🤖 AI Summary
Motivated by the lack of research on federated learning over Riemannian manifolds—and particularly the absence of frameworks addressing partial client participation and data heterogeneity—this paper proposes Riemannian Federated Averaged Gradient Flow (RFedAGS), the first systematic extension of the FedAvg paradigm to non-Euclidean spaces. Methodologically, RFedAGS integrates manifold-valued gradient computation with distributed gradient flow averaging, enabling privacy-preserving collaborative optimization. Theoretically, we establish the first convergence analysis of RFedAGS under both constant and diminishing step sizes: proving sublinear convergence, global convergence, and—under the Riemannian Polyak–Łojasiewicz condition—linear convergence rate.

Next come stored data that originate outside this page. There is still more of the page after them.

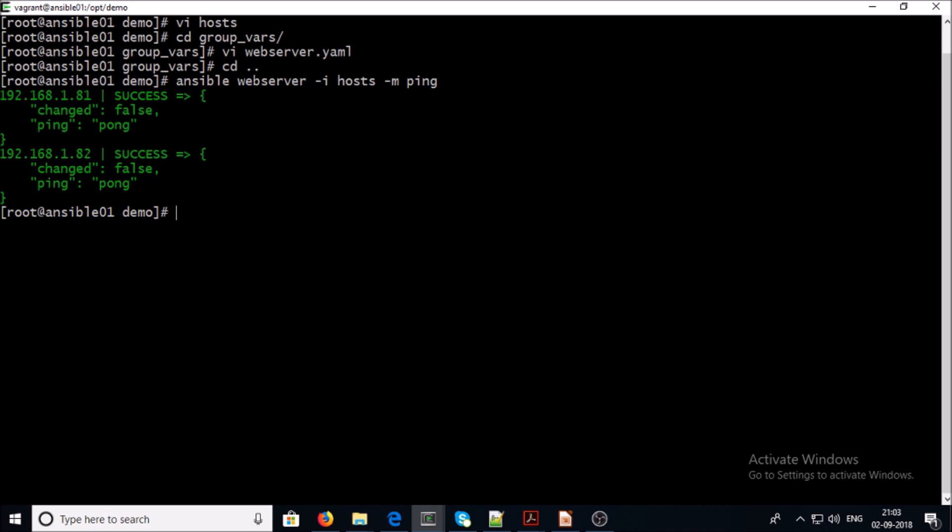So we can overcome this problem with Ansible Vault. Let me tell you what is Ansible Vault. Ansible Vault is an Ansible feature that allows you to keep sensitive data such as passwords or keys in encrypted files rather than in plain text in a playbook or any file.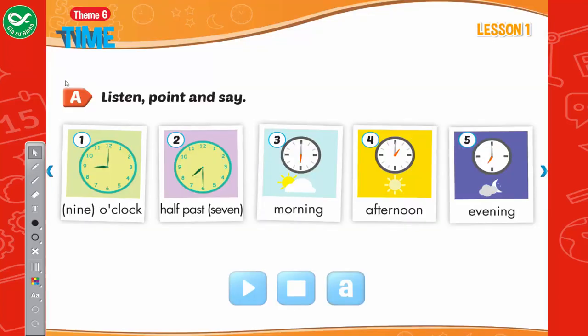Listen, point, and say: 1. Nine o'clock. 2. Half-past seven. 3. Morning. 4. Afternoon. 5. Evening.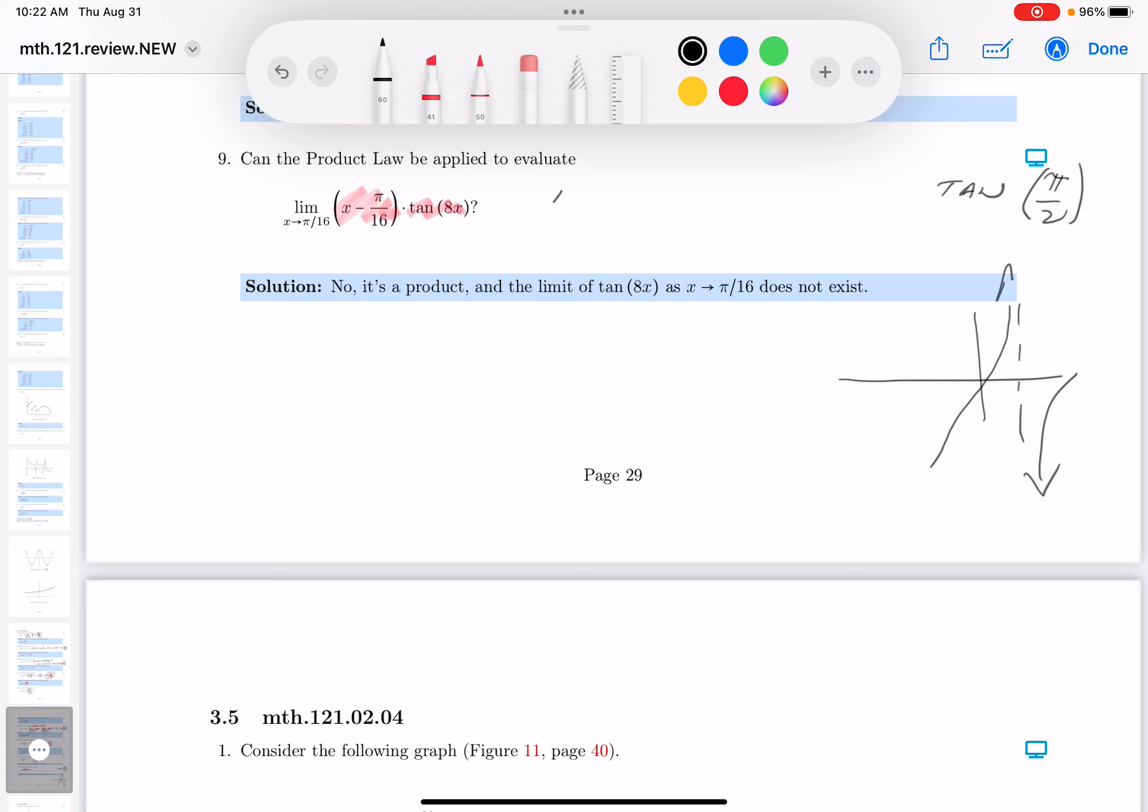So the simple answer here is no. And again, the reason is the limit as x goes towards pi over 16 of the tangent, that's the second factor in the product, is DNE. I can't do that using limit laws. Thank you.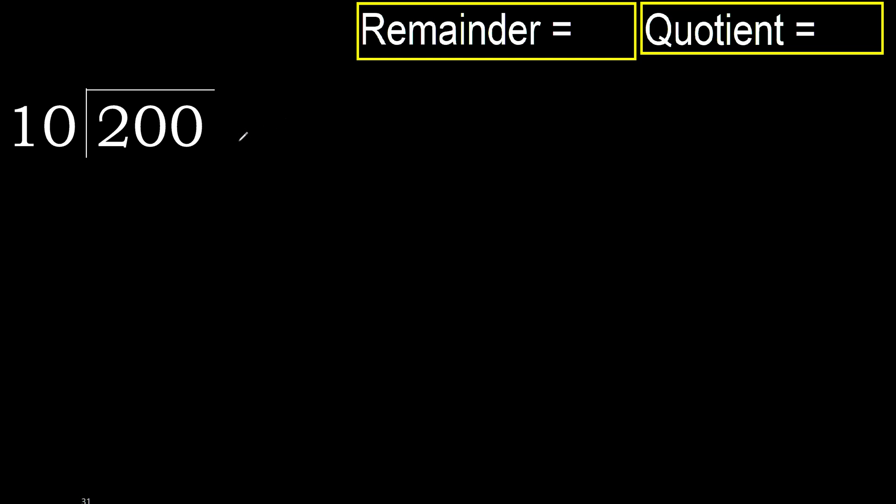200 divided by 10. 2 is less, therefore next.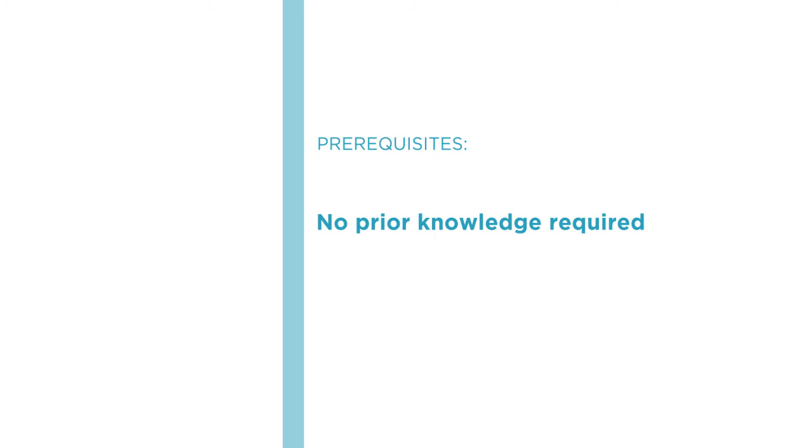I hope you'll join me on this journey to learn about modeling enterprise data with the Enterprise Data Modeling Getting Started course only on Pluralsight.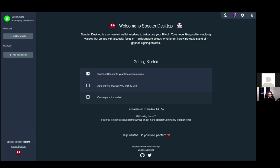What Spectre does is make everything a lot more accessible. It allows you to connect your Bitcoin Core with your hardware wallets, use them as single sig or multi-sig, and do basically anything you want with your Bitcoin Core. It tries to simplify things and make it a lot easier instead of having to use command line.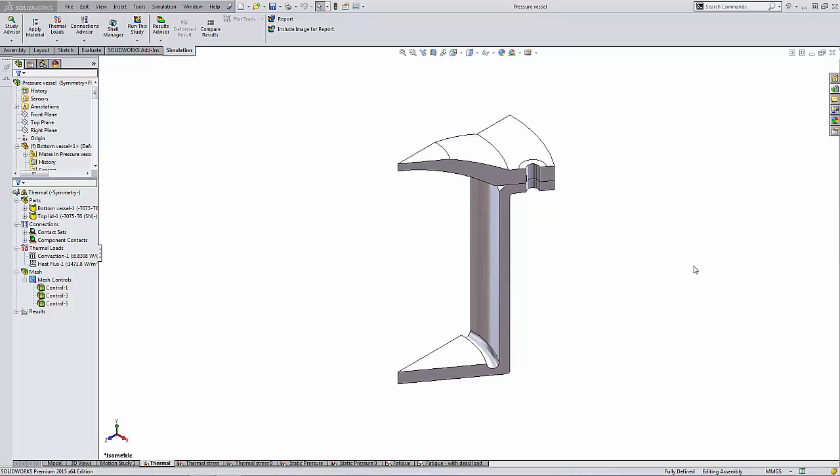Hello, my name is Derek Franklin and I'm an applications engineer here at GoEngineer. In this quick tip video I'm going to show you how we can run specified studies inside of SOLIDWORKS Simulation.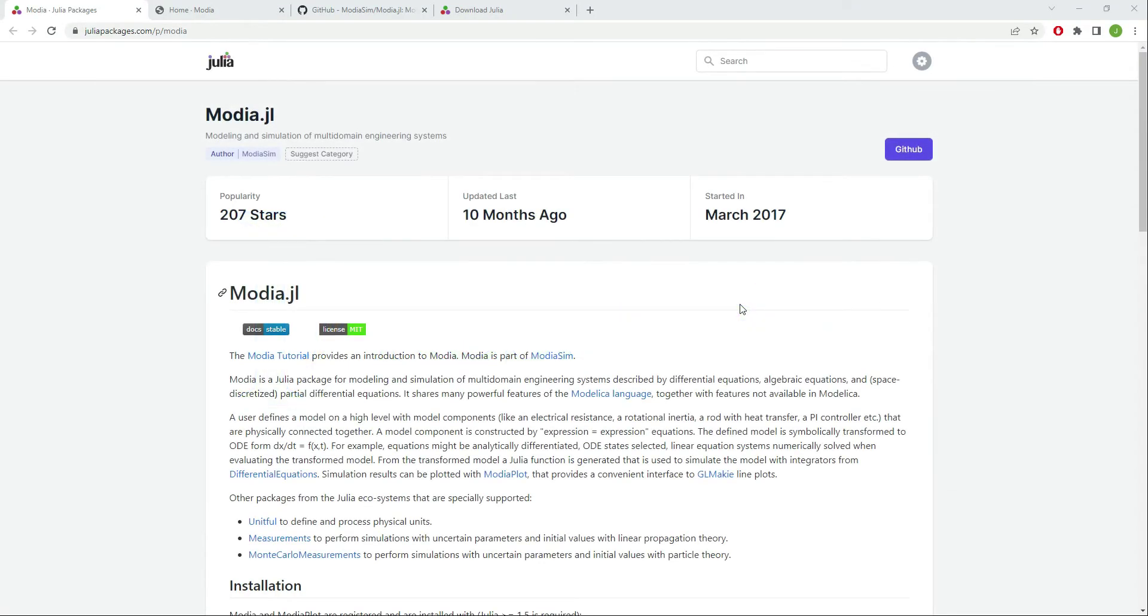Welcome to the Researchia YouTube channel. My name is Jorge and in this video I will introduce you to the Julia package Modia, an alternative to the Modelica language.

Extensive experiments on synthetic and real-world manifold datasets demonstrate that RFedAGS consistently outperforms existing baselines, validating its efficacy and robustness in heterogeneous, partially participating settings.
📝 Abstract
In recent years, federated learning has garnered significant attention as an efficient and privacy-preserving distributed learning paradigm. In the Euclidean setting, Federated Averaging (FedAvg) and its variants are a class of efficient algorithms for expected (empirical) risk minimization. This paper develops and analyzes a Riemannian Federated Averaging Gradient Stream (RFedAGS) algorithm, which is a generalization of FedAvg, to problems defined on a Riemannian manifold. Under standard assumptions, the convergence rate of RFedAGS with fixed step sizes is proven to be sublinear for an approximate stationary solution. If decaying step sizes are used, the global convergence is established. Furthermore, assuming that the objective obeys the Riemannian Polyak-{L}ojasiewicz property, the optimal gaps generated by RFedAGS with fixed step size are linearly decreasing up to a tiny upper bound, meanwhile, if decaying step sizes are used, then the gaps sublinearly vanish. Numerical simulations conducted on synthetic and real-world data demonstrate the performance of the proposed RFedAGS.